Sobre el tema del conocimiento. Mounier afirma con claridad la primacía de lo real sobre la interpretación. Vivimos en un clima social y cultural en el que prevalece el problema de la interpretación, de la narcisista preocupación de «tener razón». Lo que se deja a un lado en los discursos y preocupaciones es la realidad, los hechos, lo concreto de la existencia. Esos hechos concretos que siempre van más allá de cualquier interpretación cultural. (Y la realidad se deja a un lado justamente porque a menudo contradice las teorías interpretativas, poniéndose así de manifiesto la violencia sustancial de un acercamiento que privilegia la interpretación: para salvar el propio punto de vista ha de negar una parte de la realidad).

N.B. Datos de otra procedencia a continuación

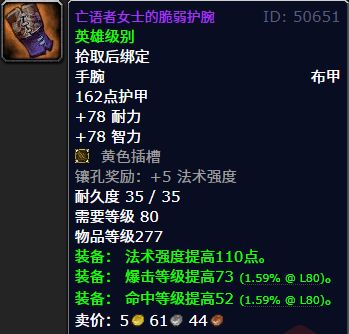 大的277散件你最想要哪一款？魔兽世界：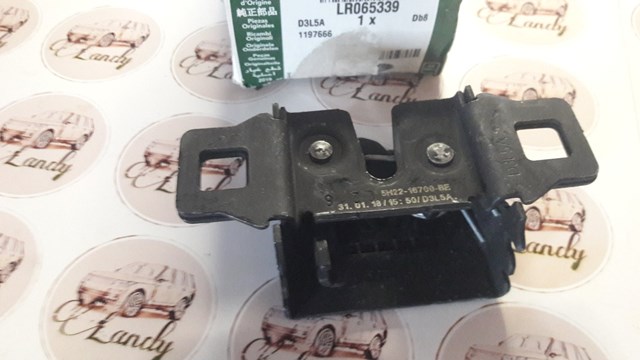  Land Rover 535123507 ціна, від 11.86 USD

Sobre el tema de la moral. Las llamadas moralistas se suceden a un ritmo frenético. Pero, mirándolo bien, ¿cuál es la unidad de medida de la moral? Exactamente la propia interpretación de lo real, la propia visión cultural. La moralidad católica es otra cosa, es una mirada abierta sobre la realidad llena de tensión hacia lo verdadero, una mirada que supera cualquier concepto previo para plegarlo a la verdad de la persona o del objeto que se encuentra. Es la mirada que hemos visto en la película -aquella antigua, de los años cincuenta- Marcelino pan y vino; la mirada del niño protagonista, pero también -con más sufrimiento al ser conquistada en un lucha- la de los doce frailes que le dieron una familia. En resumen, el principio interpretativo que caracteriza la naturaleza del hombre está marcado por la naturaleza misma: es el «corazón» del hombre quien se topa con lo real.
El encuentro con Cristo corresponde al «corazón» del hombre y lo sostiene al introducirse en la realidad.
Él mismo -dice san Pablo (Col. 2,17)- es la realidad. Una realidad que permanece en la historia a través de la compañía de aquellos que creen en Él, la Iglesia. Por lo tanto nuestra primera responsabilidad es amar y dedicarnos a la realidad viviente de la Iglesia, a su bien, a su libertad expresiva en la sociedad.
El mismo Cristo ha establecido al auténtico intérprete del bien de la Iglesia: el magisterio. Toda elección histórica es opinable; pero no es por la exactitud de tal elección por lo que uno se mueve, sino por un seguimiento que se fundamenta sólo sobre la fe y por tanto sobre la racionabilidad de una postura humana que en nombre de ella ha descubierto la realidad.